Hi, I am hoping I get some comfort from joining this site. I lost my husband 13 weeks ago. He battled cancer for six and a half years, and as requested passed away at home. I was his main carer for the last year of his life, and am totally lost now that he has passed. We were married for almost 32 years and together for almost 35. I’m not sure I will ever get over this. The pain is getting worse instead of easier.

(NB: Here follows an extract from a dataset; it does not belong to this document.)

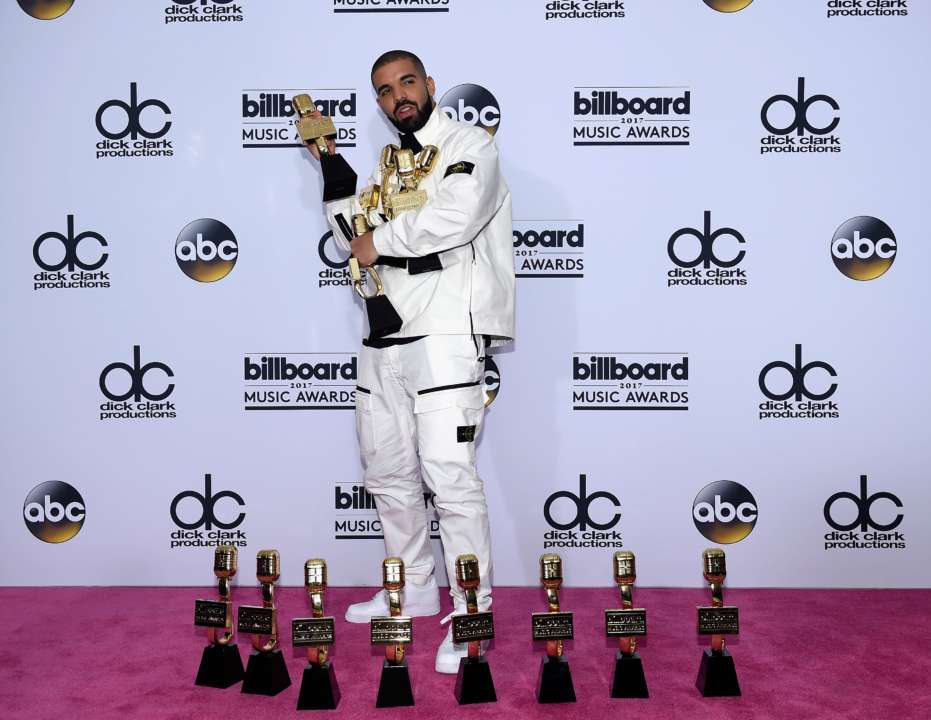 Billboard назвал лучшего музыканта десятилетия. Слушаем 7 хитов звезды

Hi I am so so sorry for your horrendous loss it’s six months and three weeks on Wednesday coming since my soulmate fell asleep in my arms im utterly truamatised witnesing it all happen in front of my eyes we dreamed of growing old together everything has been stolen from me so cruelly and tragically your in my thoughts take care your right every second is getting harder to bear Adele x

Hello Bev, I am not going to say welcome as non of us want to be here, but we are and we do help each other, so do stay with us and join in. If I am feeling lost, alone, or just struggling I come on here and join in. It always helps to listen to others point of view and in time you might be able to help and advise people and this is satisfying also.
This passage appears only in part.